Task prompt
Once the line containing "Sondervig House |" is found in the entries below, reproduce it and every line after it, stopping at and including the line containing "computadoras y laptops"; reproduce nothing else, and keep each line exact.

Provided data
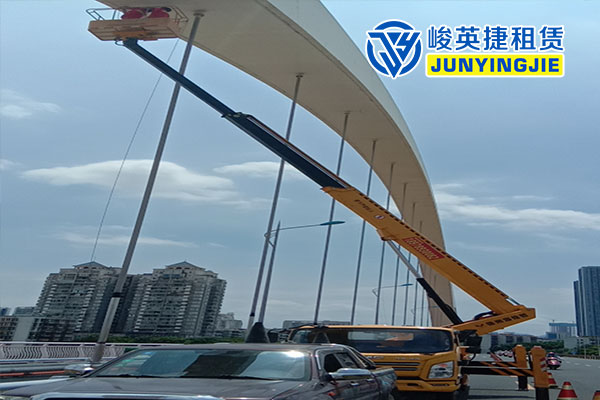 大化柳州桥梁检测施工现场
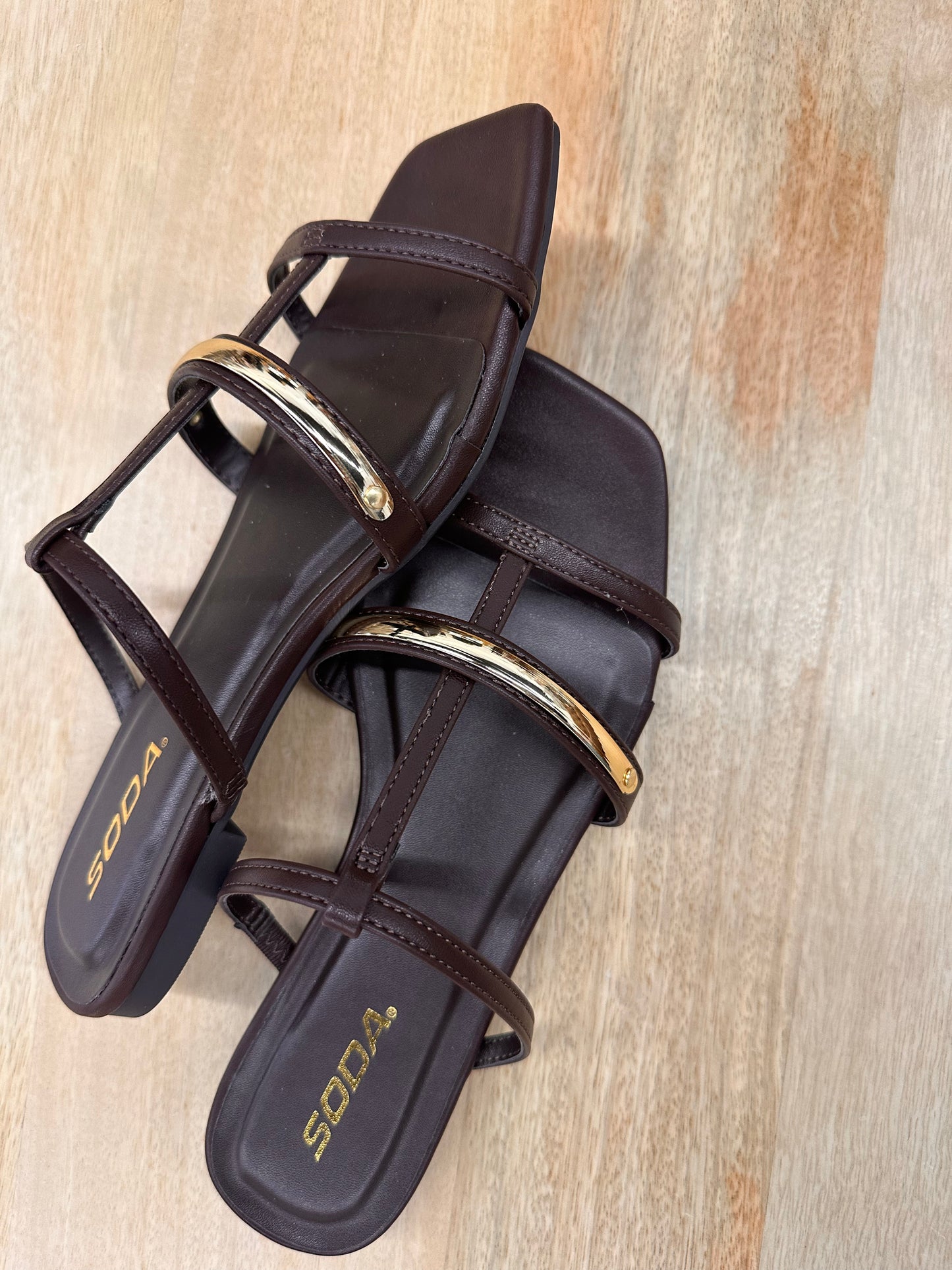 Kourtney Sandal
...
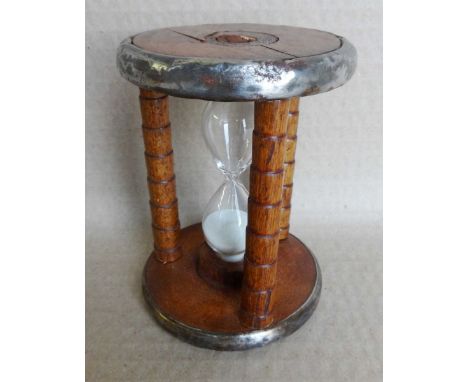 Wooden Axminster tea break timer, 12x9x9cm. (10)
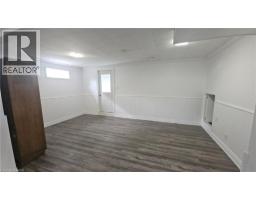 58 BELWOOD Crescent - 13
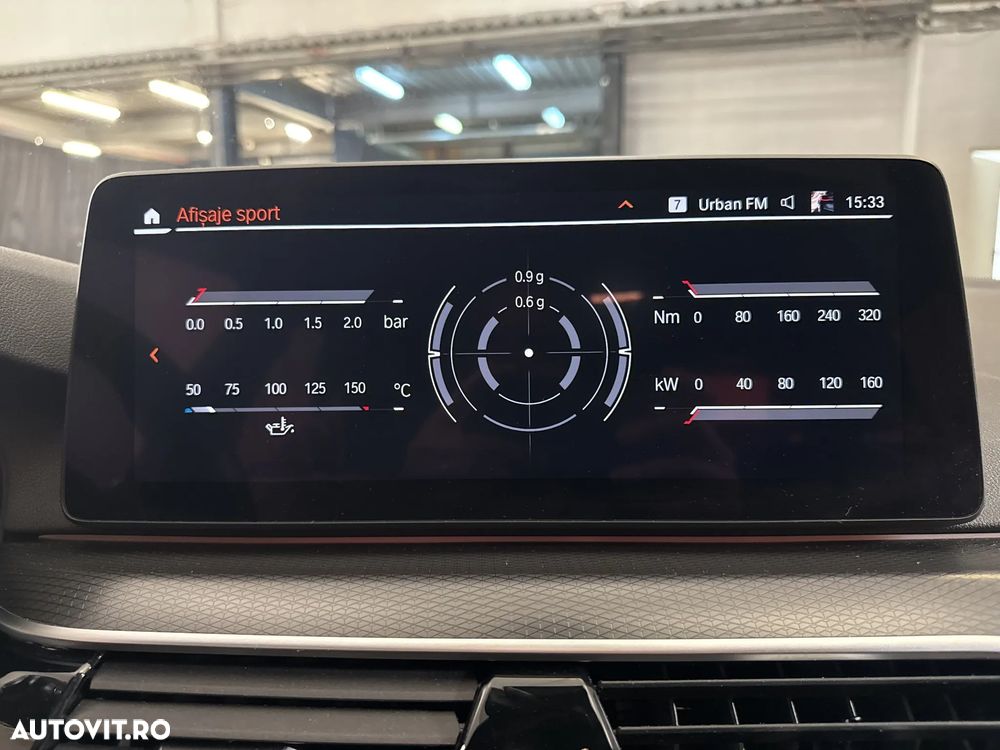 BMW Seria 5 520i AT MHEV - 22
...
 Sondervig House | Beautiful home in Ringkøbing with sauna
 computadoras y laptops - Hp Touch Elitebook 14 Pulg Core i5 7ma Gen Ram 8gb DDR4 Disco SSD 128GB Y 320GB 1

Output
 Sondervig House | Beautiful home in Ringkøbing with sauna
 computadoras y laptops - Hp Touch Elitebook 14 Pulg Core i5 7ma Gen Ram 8gb DDR4 Disco SSD 128GB Y 320GB 1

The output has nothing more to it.